## Extracted data
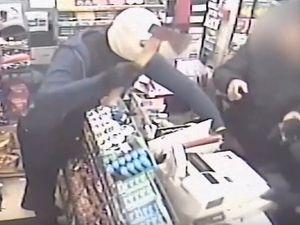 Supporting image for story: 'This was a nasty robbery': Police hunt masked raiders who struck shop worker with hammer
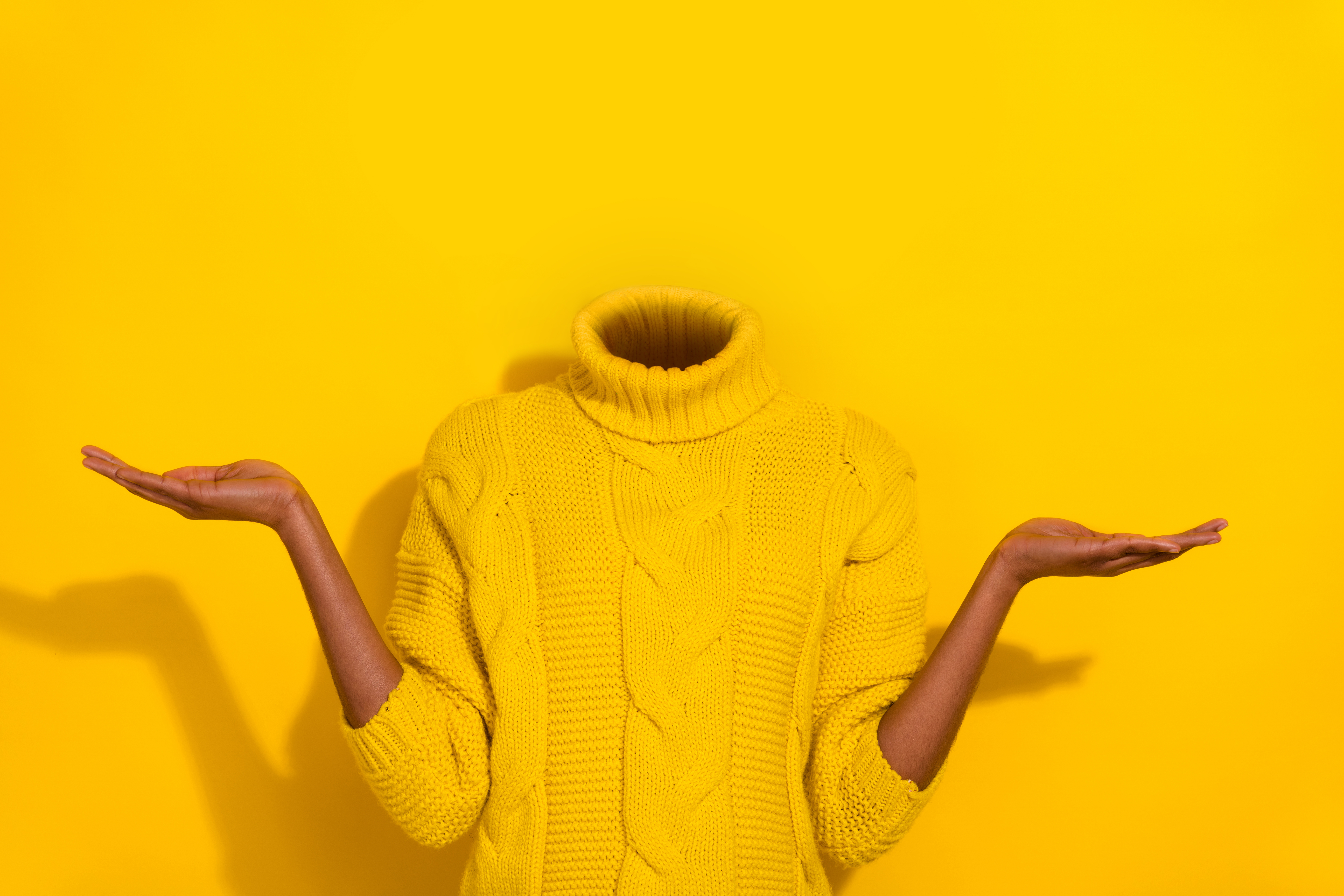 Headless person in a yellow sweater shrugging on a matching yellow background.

--

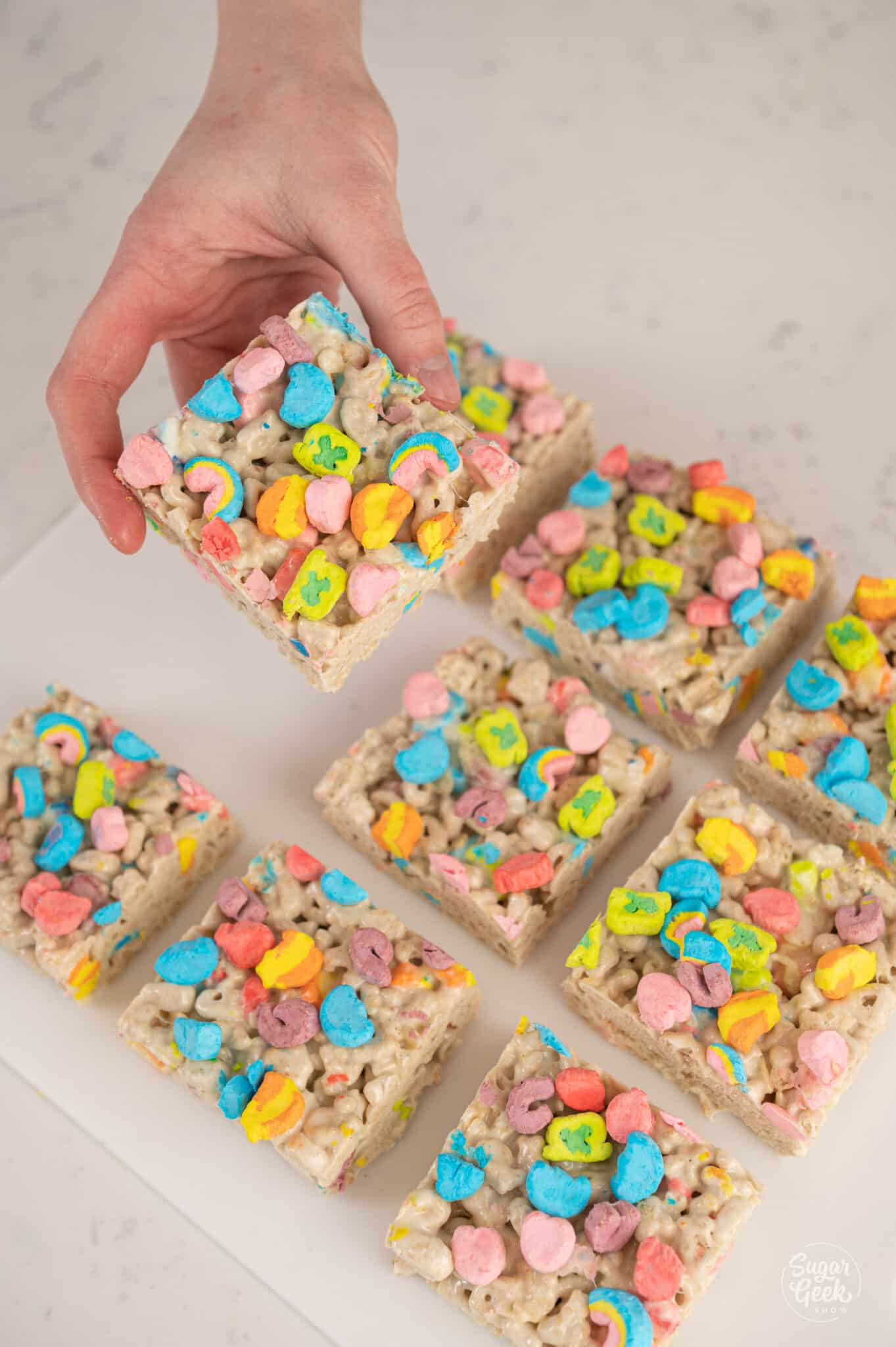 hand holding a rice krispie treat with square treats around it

## Work request
Between and including the line with "Supporting image for" and the line with "Headless person in", repeat every line exactly as it appears above, with pictures left out.

## Answer
 Supporting image for story: 'This was a nasty robbery': Police hunt masked raiders who struck shop worker with hammer
 Headless person in a yellow sweater shrugging on a matching yellow background.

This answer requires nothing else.